Assault and Battery: The Basics
Maybe you’ve seen the little cartoon: a shaker of salt and a battery sit in a jail cell. “What are you in for?” they ask each other. Get it? This pun-y twist on assault and battery is amusing. In real life, assault and battery aren’t funny topics at all!
Assault and Battery: What’s the Difference?
Assault and battery are often paired together, but they are not necessarily the same thing. According to Florida Statutes, assault is “an intentional, unlawful threat by word or act to do violence” which, when “coupled with an apparent ability to do so” creates a “well-founded fear” in another person. Battery, on the other hand, refers to the actual physical impact on another person.
For example, Person A passes Person B in the street. Person A raises a fist, and says they will beat Person B up if they see them again. This is assault, because Person B will likely feel threatened. In the same event, if Person A actually does punch Person B, their actions will be considered battery. Often, someone will threaten another person before committing the actual attack.
Physical, Emotional, and Financial Consequences
When someone is the victim of assault, it can lead to a variety of mental and physical injuries. If someone is physically attacked, they could suffer injuries like:
- Traumatic brain injury (TBI)
- Broken bones
- Spinal cord injuries
- Cuts, bruises, and lacerations
Additionally, victims of assault and battery might also experience mental injuries, ranging from anxiety to post-traumatic stress disorder (PTSD). Mental injuries can lead to social limitations, behavioral changes, and even suicidal thoughts, which makes them just as serious as physical injuries after an attack.
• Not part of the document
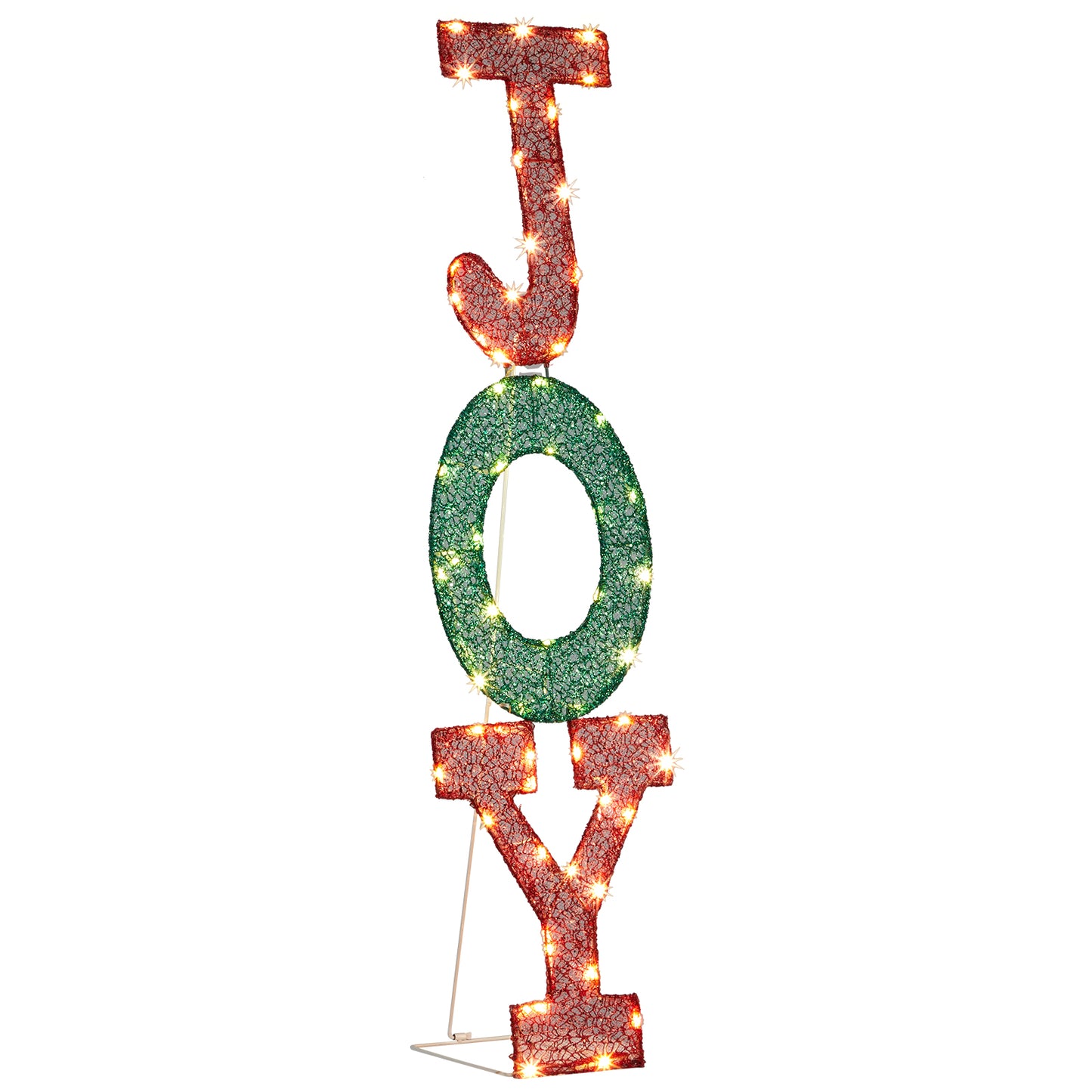 Lighted JOY Letter Sign Christmas Yard Decorations, Pre-lit 2D Letter Display with 45 LED Warm White Lights and Stakes for Xmas Outdoor Holiday Indoor Decor Lighted Holiday Displays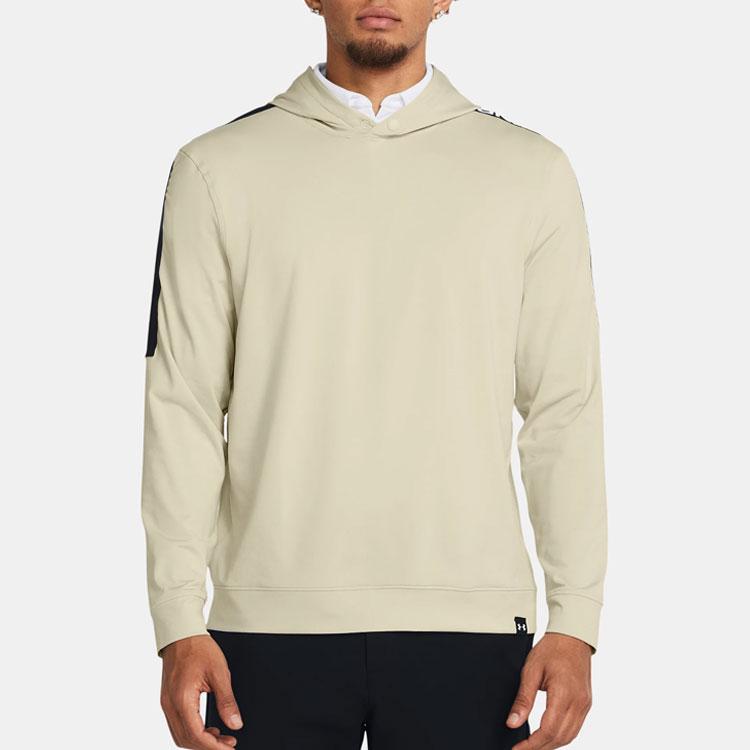 Under Armour Color Block Letter Print Hooded Casual Pullover Vintage American Sweatshirt Men Sweatshirt Mud 1383144-273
Along with physical and mental injuries, assault and battery can lead to:
- Medical bills
- Time away from work
- Lost wages
- An inability to perform previous work
- Funeral expenses in severe cases
- Property damage
When someone is physically, emotionally, or financially harmed during an attack, they may have a personal injury claim. However, like with any personal injury case, they are many factors to consider before making a personal injury claim.
Making a Personal Injury Claim
For starters, it’s important to assess the injuries and damages that occurred. If someone is left with minor bruising after an assault, it might not be worth it to pursue a personal injury case. This is because a personal injury case can be expensive and time-consuming, and the compensation might not outweigh the other expenses. On the other hand, if an assault leads to a severe or permanent injury, like a brain injury, the victim is more likely to have a good chance at a successful case.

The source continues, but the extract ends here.